As a consequence the only remaining enforcement measure, which does not require
a court ruling, is the freezing of a taxpayer’s bank account. Considering the
absence of specialized tax courts and the weakness of the court system in
Georgia, this does not provide the tax administration with sufficient means to
improve its compliance management. Enforcement powers of the tax administration
should be harmonized with current practice in Organization for Economic
Co-operation and Development (OECD) countries.
Abolishing
nuisance taxes. Earlier
the World Bank and IMF reports have recommended the elimination of nuisance
taxes because they typically have extremely low revenue yield and are a burden
for small businesses. The tax package prepared Ministry of Finance included the
elimination of some of these nuisance taxes, (e.g., the tax on economic
activities, the resort tax, the hotel tax, the advertisement tax, and the tax
on the use of local symbols), but no progress has been made partly because
these taxes are assigned to local governments. However, due to their very
limited revenue potential, they contribute less than 10 percent of total local
revenues. Considering the administrative and compliance costs of these taxes
the actual revenue gains might even be negative, efforts to eliminate these taxes
will need to continue.
General. The public perception of the
quality and fairness of tax and customs administration in Georgia is generally
very negative.[7] Substantial and visible
improvements on the ground will be needed to begin dispelling this perception.

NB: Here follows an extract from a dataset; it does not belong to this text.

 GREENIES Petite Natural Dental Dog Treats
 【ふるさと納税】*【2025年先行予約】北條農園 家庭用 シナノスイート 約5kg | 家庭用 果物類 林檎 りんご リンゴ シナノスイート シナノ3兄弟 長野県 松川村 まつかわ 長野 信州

This also requires a political commitment to abolish practices which protect
and support special interests of taxpayer groups by introducing special
exemptions in the tax legislation, thus eroding the tax base, or/and executing
pressure on the revenue authorities to grant favourable treatment to specific
taxpayers. It will also be necessary to reduce the incentives for revenue
officials to participate in corrupt practices and to develop the necessary
control mechanisms to detect and punish such behaviour.
Efforts
to reduce capture and corruption are to be complemented by long-term strategies
to improve the tax policy design and build revenue administration capacity. Tax
policy reforms should focus on overall policy design issues instead of
exclusively discussing the level of tax rates. Eventual tax rate reductions
will only be feasible if accompanied by broadening of the tax base and
administrative improvements. Key to improving administration is the effective
implementation of self-assessment and the fair and equitable treatment of all
taxpayers. Two areas that require special attention are (a) customs
administration, and (b) enforcement of personal income tax and social security
contributions.
Short-term
Reform Priorities.
While
substantial capacity building in tax and customs requires long-term strategies,
there are a number of essential short-term reform initiatives, which should be
launched immediately, to improve revenue performance and reduce tax-related
distortions.
Tax
policy. The
main challenge is to stabilize the tax policy framework, and avoid ad-hoc
short-term policy measures. In general, the revenue impact of tax exemptions
should be properly analyzed, and no further exemptions/tax reductions should be
introduced without such analysis is explicitly presented in Parliament. Any tax
policy changes should be taken in the context of the annual budget. It also
recommended that the 2001 tax package prepared by MoF be re-submitted to
Parliament, including key elements such as: reducing the scope of exemptions,
raising the VAT threshold to GEL 100,000 (or US$50,000) and introducing
complementary simplified tax.
Tax
administration. A number of actions could be take to support long-term reform
efforts:
Discontinue
the practice of soliciting advanced payments to meet revenue targets and Design
a new performance measurement system with appropriate indicators, supplemented
by special incentives to improve revenue administration practices;
Centralize
revenue accounts in the Treasury and make payments on “a first come first
served basis”;
Begin
implementation of special program to control imports through the railway
system, especially of petroleum products;
Increase
coverage of LTI and focus on improving LTI performance.
- Prepare
legislative changes to reintroduce sufficient powers for the tax
administration to enforce tax collection.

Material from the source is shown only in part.